Le cinéaste bricoleur ne pouvait décemment pas se contenter de froides autos modernes "de série »… il lui fallait du sur-mesure. Par le biais d’une agence spécialisée, le projet atterrit chez Peugeot en décembre 2011, au service product placement, sur le bureau d’Isabel Salas Mendes. C’est elle qui décide de prêter (ou non) des voitures aux productions de films et séries, à condition qu’ils collent à l’image du Lion. L’Ecume des jours est un cas particulier car elle impliquait la participation du style Peugeot. François Duris explique le projet, démarré en janvier 2012, et exécuté en seulement deux mois :  « connaissant l’univers de Boris Vian et celui de Michel Gondry, l’idée de les croiser, c’était sublime. L’autre point,  c’est que mon frère tient le rôle principal dans le film.
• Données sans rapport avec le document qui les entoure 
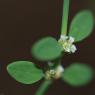 Polygonum aviculare L. Polygonaceae - Renouée des oiseaux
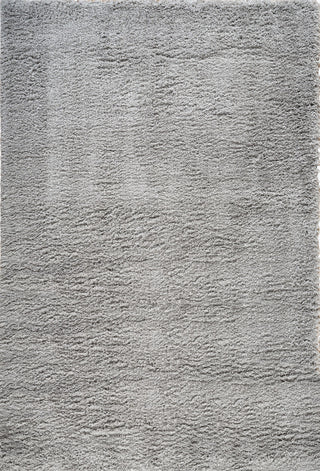 Shag Ivy Gray/Rug, Gray, 4'3"x6'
Il m’a appelé pour me dire qu’il y avait une voiture à dessiner, il m’a juste dit : « dessine-la ! » . Cela a été une longue aventure, la rencontre de mondes très opposés… Gondry, Boris Vian, le surréalisme, des choses très abstraites et puis nous, constructeur automobile, au contraire très concret… mais le courant est très vite passé. » La démarche est à contre-courant de celle, traditionnelle, du design, puisqu’il fallait sortir du credo sérieux des Peugeot, de l’objet parfaitement dessiné pour aller vers un objet plus onirique, improvisé, spontané : l’intérieur kitch à souhait, avec sa moquette beige et ses sièges en moumoutte, est à mille lieues des habitacles ultra-raffinés des dernières Peugeot. 
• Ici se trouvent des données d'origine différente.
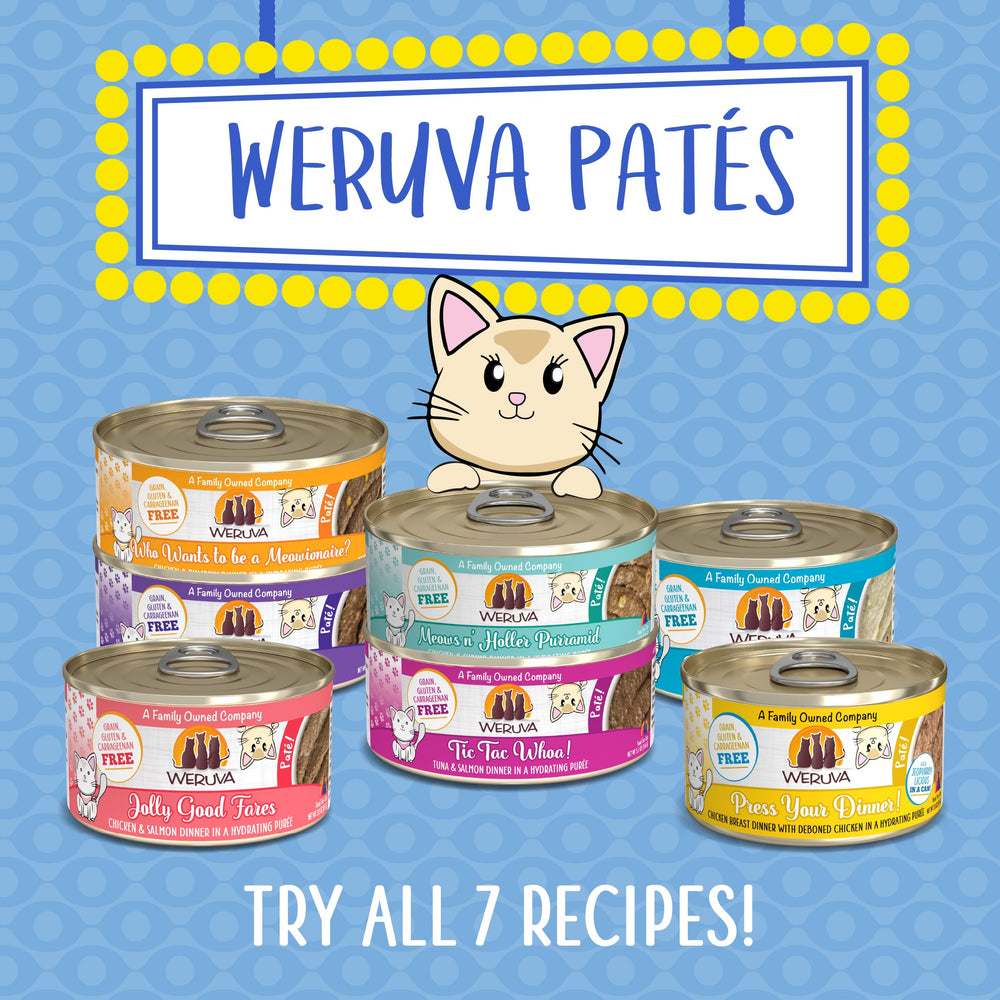 Weruva feeding scene in kitchen demonstrating everyday use and cat appeal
« Michel Gondry avait deux éléments de brief »  reprend Duris «  il voyait la voiture transparente alors que dans le roman elle est blanche. Un coup de génie cinématographique, qui donne une magie, une majesté à l’objet… sublime, on voit les personnages à l’intérieur ! Sa deuxième volonté, c’était le temps… il voulait que la voiture ne soit pas vraiment « datable » car son film évolue quelque part entre les années 70 et 2020, il y a une espèce d’aller-retour vers le futur, mais il y avait une période de prédilection vers les années 70,  au moment où il découvrait les voitures quand il était enfant. »
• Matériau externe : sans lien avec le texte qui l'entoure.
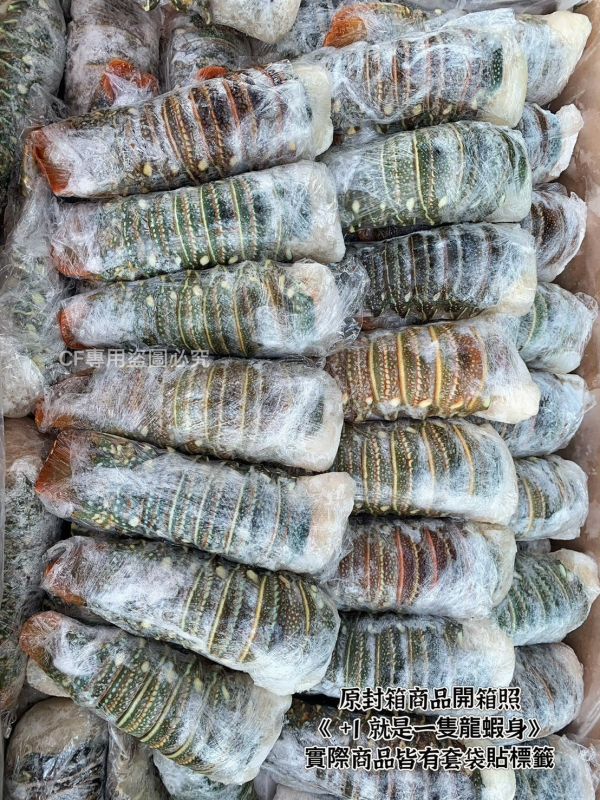 【野生捕撈-頂級貝里斯龍蝦身6/7 盎司】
Une limousine dans l’histoire récente de Peugeot ? Difficile à trouver. On songe à la rigide 604 Limousine, carrossée par Heuliez, mais celle qui vient à l’esprit est la grandiloquente 607 Paladine, qui servira de véhicule d’apparat à Nicolas Sarkozy lors du défilé d’investiture à la Présidence de la République en mai 2007. Pourtant, le style Peugeot avait une autre icône en tête : la 404, à nouveau. Une idée qui fit rapidement mouche : le grand-père de Gondry en possédait une. L’idée fut alors de reprendre une base de limousine « externe », en fait une Cadillac Brougham qui fut découpée, défigurée et ajourée par les décorateurs et carrossiers pour permettre l’installation des éléments transparents. L’équipe Peugeot tentera d’y appliquer certains éléments du style actuel, comme la typographie de la marque, ou bien les deux rampes de trois feux arrière, censés évoquer la triple griffe lumineuse qui anime les poupes des derniers modèles (508, 208, 2008, future 308). Le capot est orné d’un Lion Baudichon, du nom du sculpteur René Baudichon, qui l’a proposé en 1923 comme emblème dans le cadre d’un concours lancé par la marque. Surnommée « Lion Fou » ou « Lion humoristique », cette sculpture est un objet rare (il s’en est vendu une chez Artcurial en 2009 contre 3222 € !).  La cerise sur le gâteau pour cette « limo » un rien décadente, à laquelle un joli documentaire de 26 minutes a été consacré, « Chloé’s dream », sur les coulisses de sa réalisation.


Enfin, pour les fans, il est possible d’aller admirer la Limovian sur les Champs-Elysées, dans le show-room de Peugeot, jusqu’au 16 juin.